Ecosystem, Closed
Ecosystem, Closed
a functionally unified assemblage of organisms (plants, animals, and microorganisms) inhabiting a common territory and capable of prolonged existence under conditions of a closed cycle of matter (that is, in the absence of matter exchange across the boundaries).
The ecosystem principle is used in the development of life-support systems to maintain human life in places other than the earth’s biosphere, for example, in spacecraft or underwater craft. Such an artificially created ecosystem is based on plants, which in the process of photosynthesis use light energy to absorb carbon dioxide and release oxygen, that is, regenerate the atmosphere. The plant biomass can be used as food by man and by other heterotrophic organisms, which themselves, in turn, can serve as food for man. The unused plant biomass and the metabolic wastes of man and other components of the artificial biocenosis are decomposed by microorganisms to form water, carbon dioxide, and mineral substances, which are reused by the plants.

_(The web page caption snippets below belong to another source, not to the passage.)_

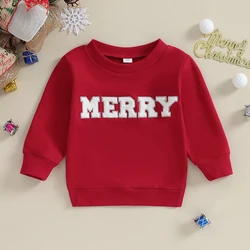 Girls Christmas Casual Sweatshirts Long Sleeve Crewneck Letter Print Loose Fit Pullover Sweatshirts Tops Xmas Clothing Outfits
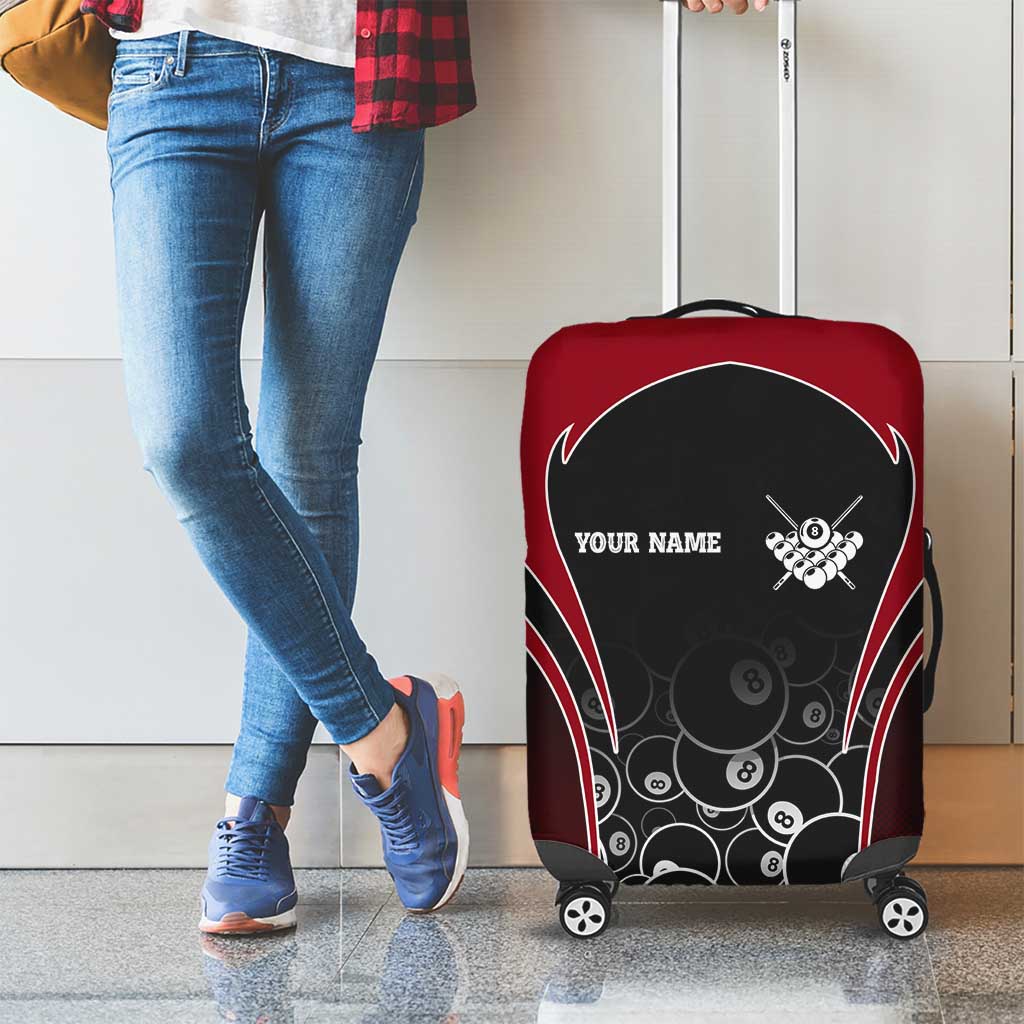 Personalized Billiards Eight Ball Luggage Cover with Red Wing Emblem and Black Gradient Bubble Pattern - Wonder Print Shop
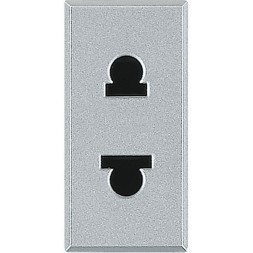 Розетка Bticino Axolute Алюминий 2К, 16 А с защитными шторками Евро HC4125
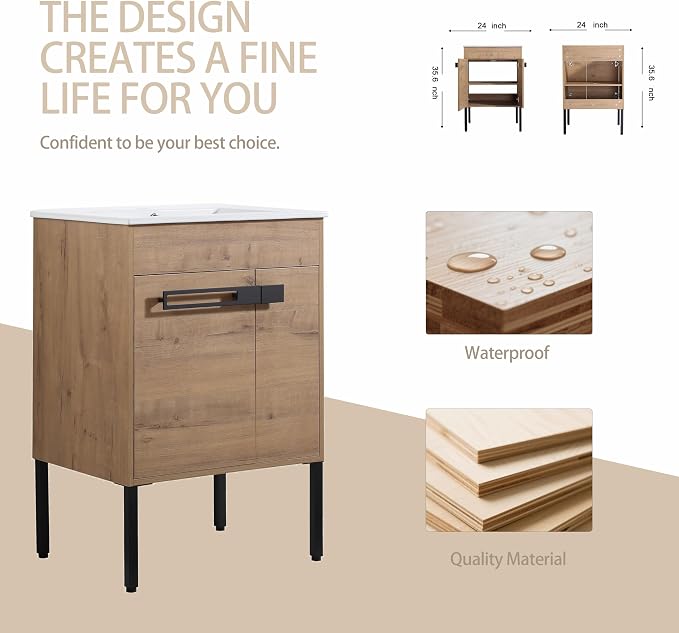 24 inch Bathroom Vanity with Sink, Single Sink Modern Mid Century Bathroom - Image 6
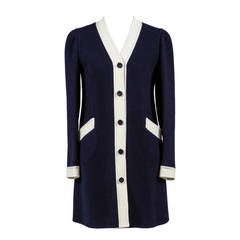 Rare 1960s Vintage Valentino Dress in Structured Navy Blue & White Wool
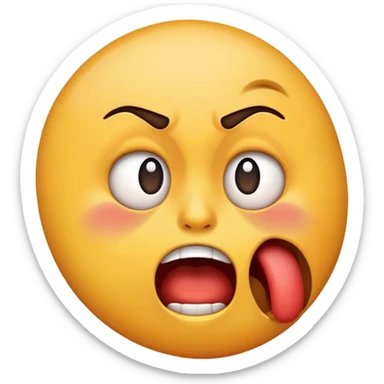 an emoji  that’s choking it self but not in a death way more in a way that’s like it’s very annoyed and agitated  sticker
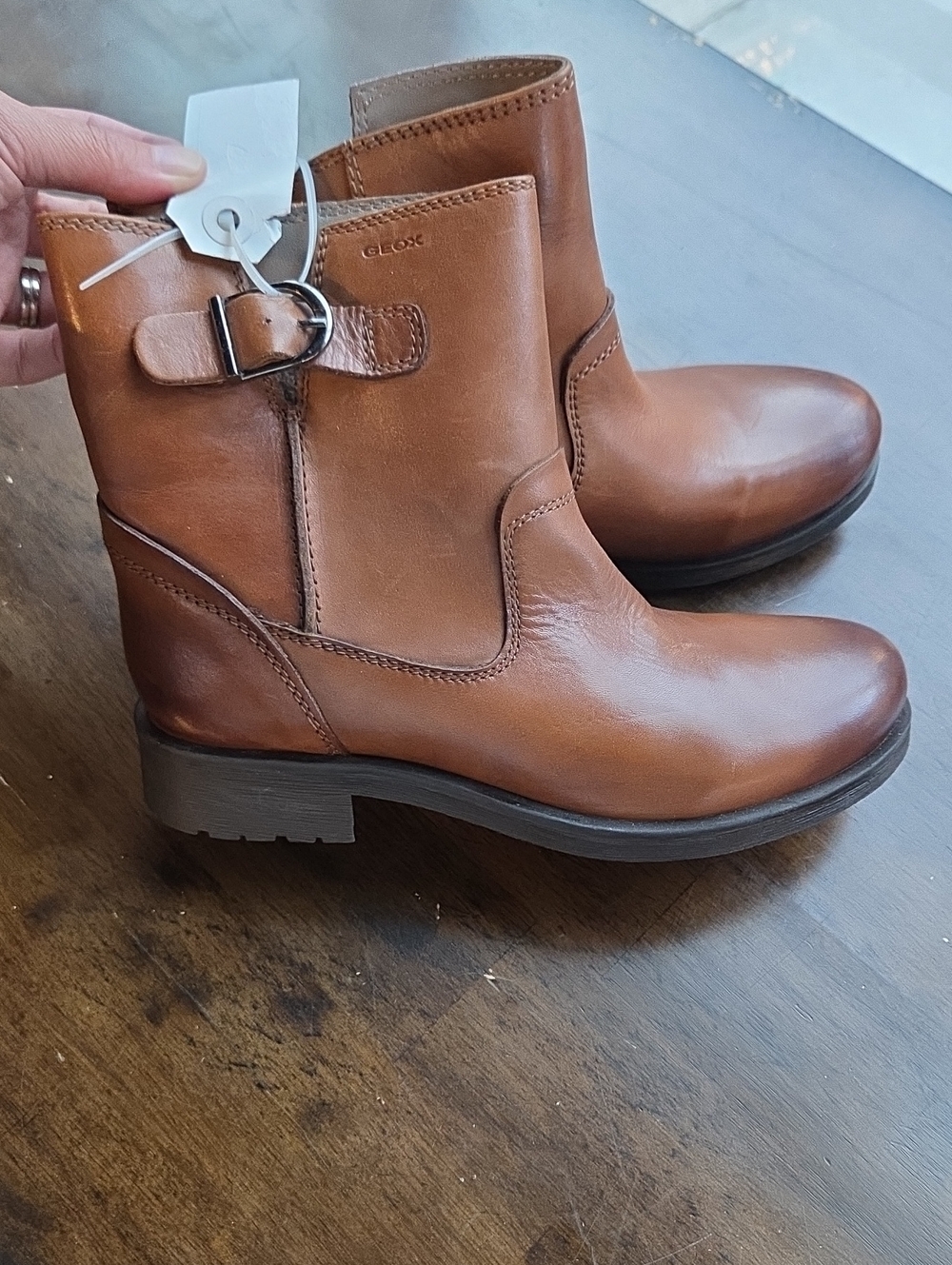 GEOX Size 7 Women's Leather Ankle Lined Booties - Cognac Brown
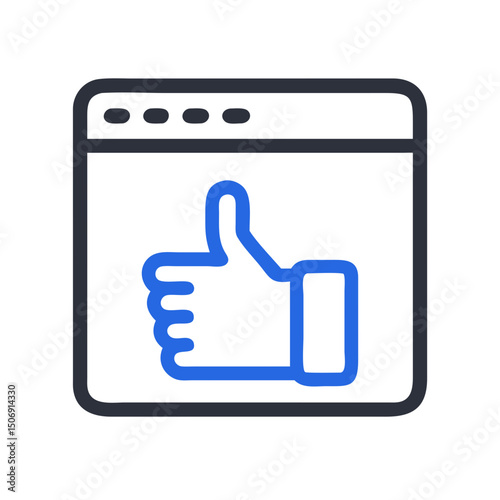 Blue thumbs up symbol inside dark application window icon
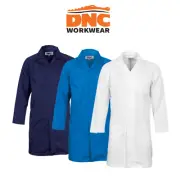 DNC Workwear Mens Polyester Cotton Dust Coat Satety Comfort Lab Coat 3502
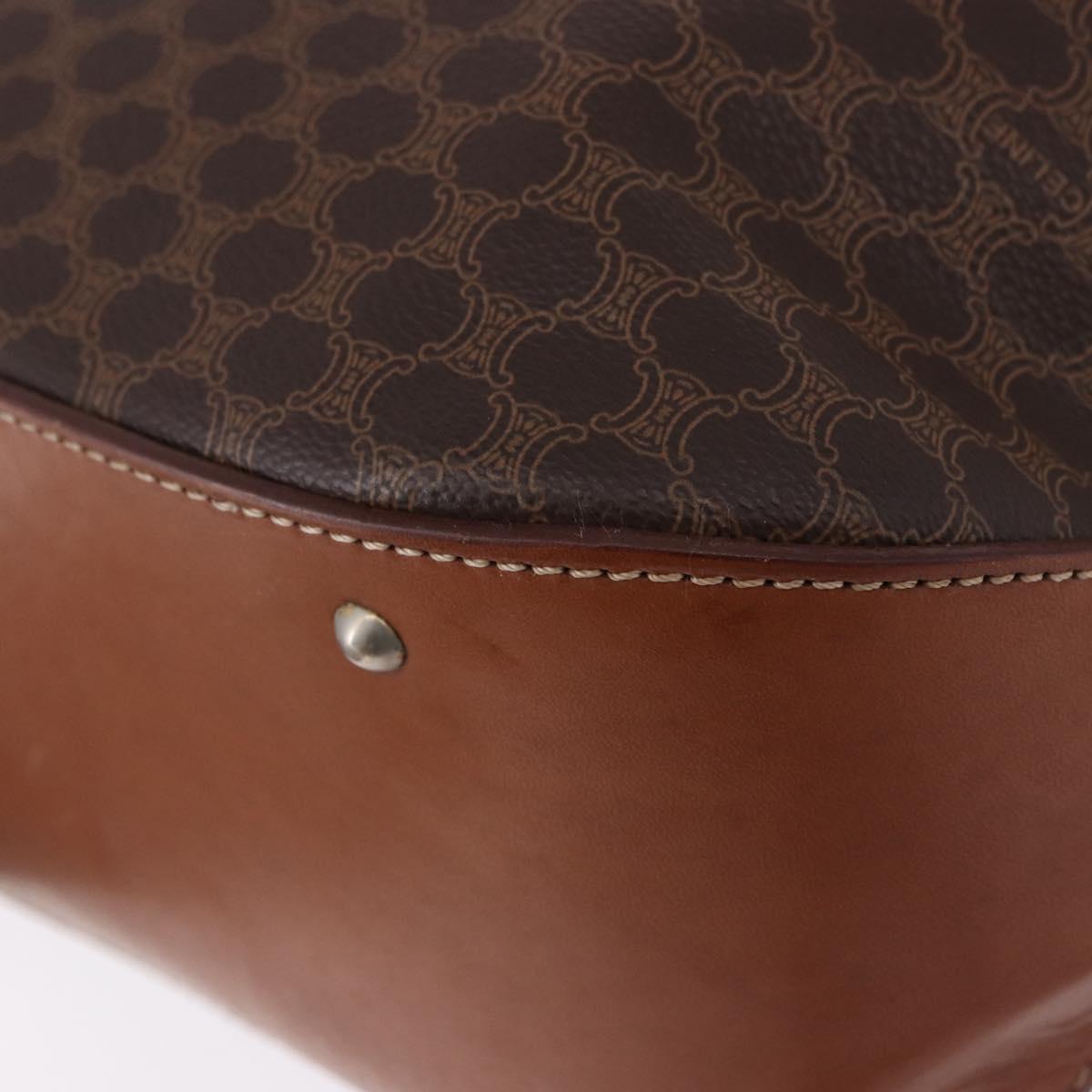 CELINE Macadam Canvas Backpack PVC Leather Brown Gold Auth ep15544A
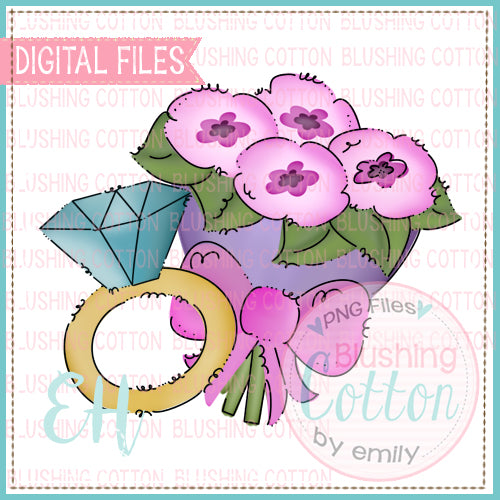 RING AND BOUQUET OF FLOWERS WATERCOLOR DESIGNS BCEH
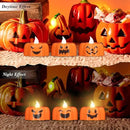 Wondise Halloween Flameless Candles, Pumpkin Battery Operated Candles with Timer, LED Flickering Votive Tealight Spooky Candles for Halloween Decorations Indoor (6 Pack, 1.9" x 1.6") by CozyNest Decor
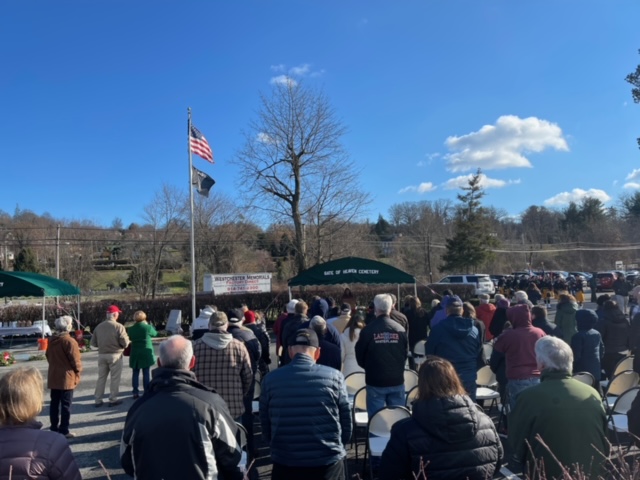 Veterans and their families participate in the 2022 Wreaths Across America event at Gate of Heaven Cemetery in Hawthorne.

Experimental closed ecosystems have been created in the USSR consisting of man, unicellular algae, higher plants (cabbages, carrots, beets, tomatoes, wheat), and microorganisms, which act as mineralizers. Regeneration in such ecosystems fully satisfies man’s requirements for oxygen and water and provides 20 percent of his food. Natural ecolosystems usually are referred to simply as ecosystems.
REFERENCES
Odum, E. Osnovy ekologii. Moscow, 1975. (Translated from English.) Chapter 20.Osnovy kosmicheskoi biologii i meditsiny, vol. 3. Moscow, 1975. Chapter 10.
Eksperimental’nye ekologicheskie sistemy, vkliuchaiushchie cheloveka. Moscow, 1975. (Problemy kosmicheskoi biologii, vol. 28.)